→ **Dataset content**:
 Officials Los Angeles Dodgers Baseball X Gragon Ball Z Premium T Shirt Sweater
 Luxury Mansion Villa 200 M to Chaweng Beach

--

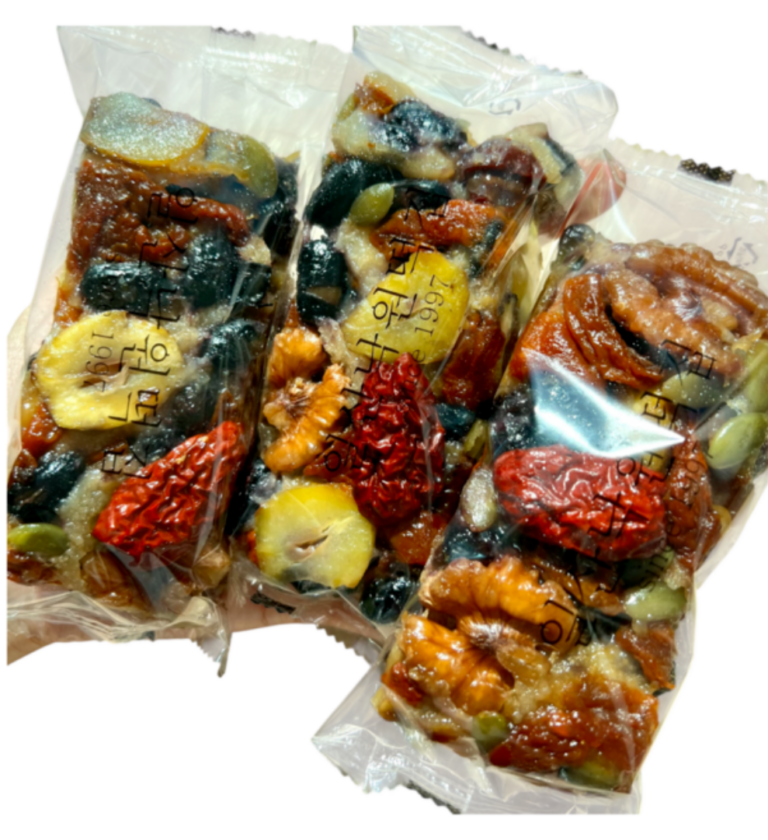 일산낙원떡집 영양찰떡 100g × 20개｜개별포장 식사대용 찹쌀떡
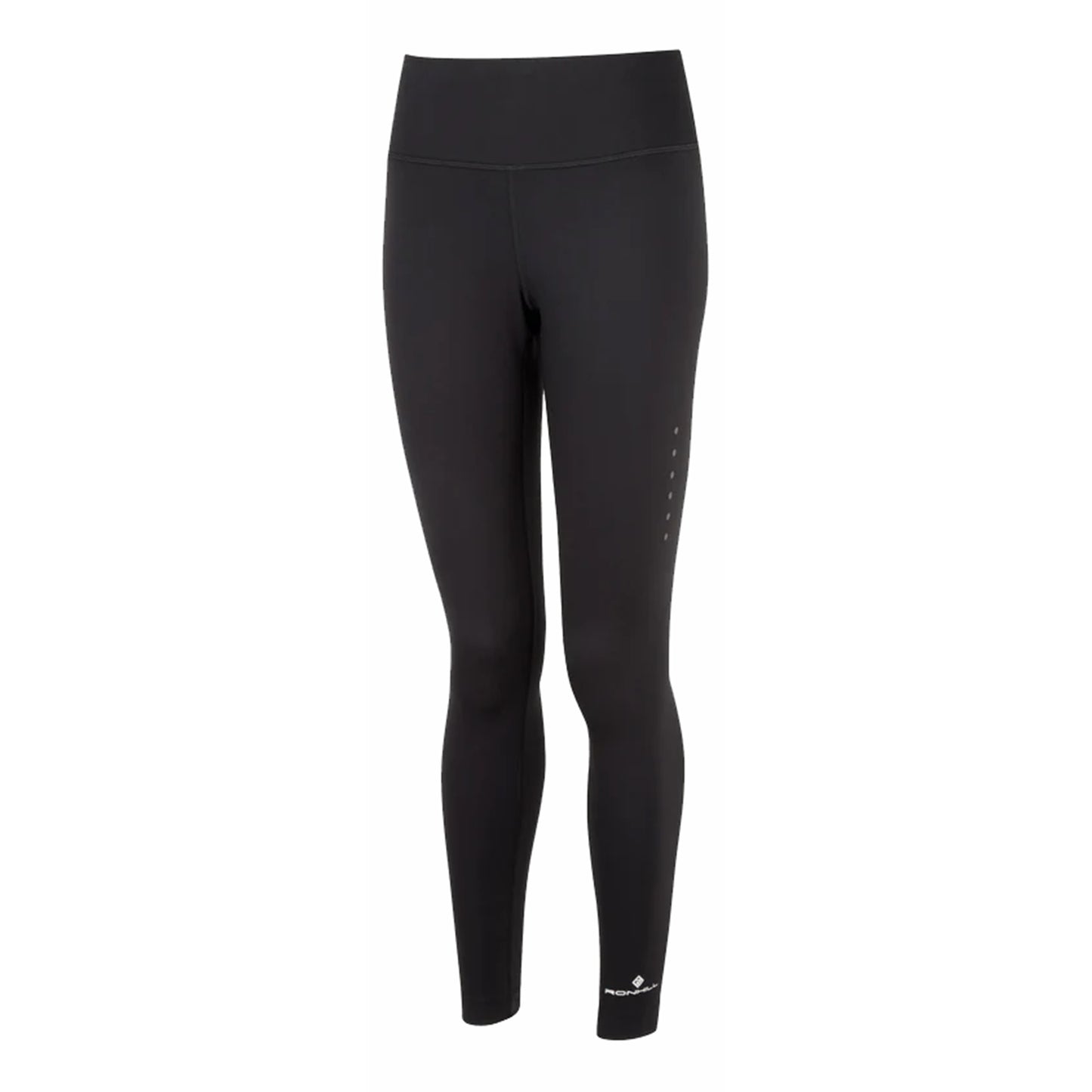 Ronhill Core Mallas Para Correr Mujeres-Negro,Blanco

--

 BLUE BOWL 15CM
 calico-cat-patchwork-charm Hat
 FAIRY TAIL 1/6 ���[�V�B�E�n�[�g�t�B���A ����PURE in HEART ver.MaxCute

→ **Exercise details**: Starting with the line that holds "Officials Los Angeles" and ending with the line that holds "Luxury Mansion Villa 200 M to Chaweng Beach", retype every line in the data above exactly, and nothing else.

→ **Solution to this task**:
 Officials Los Angeles Dodgers Baseball X Gragon Ball Z Premium T Shirt Sweater
 Luxury Mansion Villa 200 M to Chaweng Beach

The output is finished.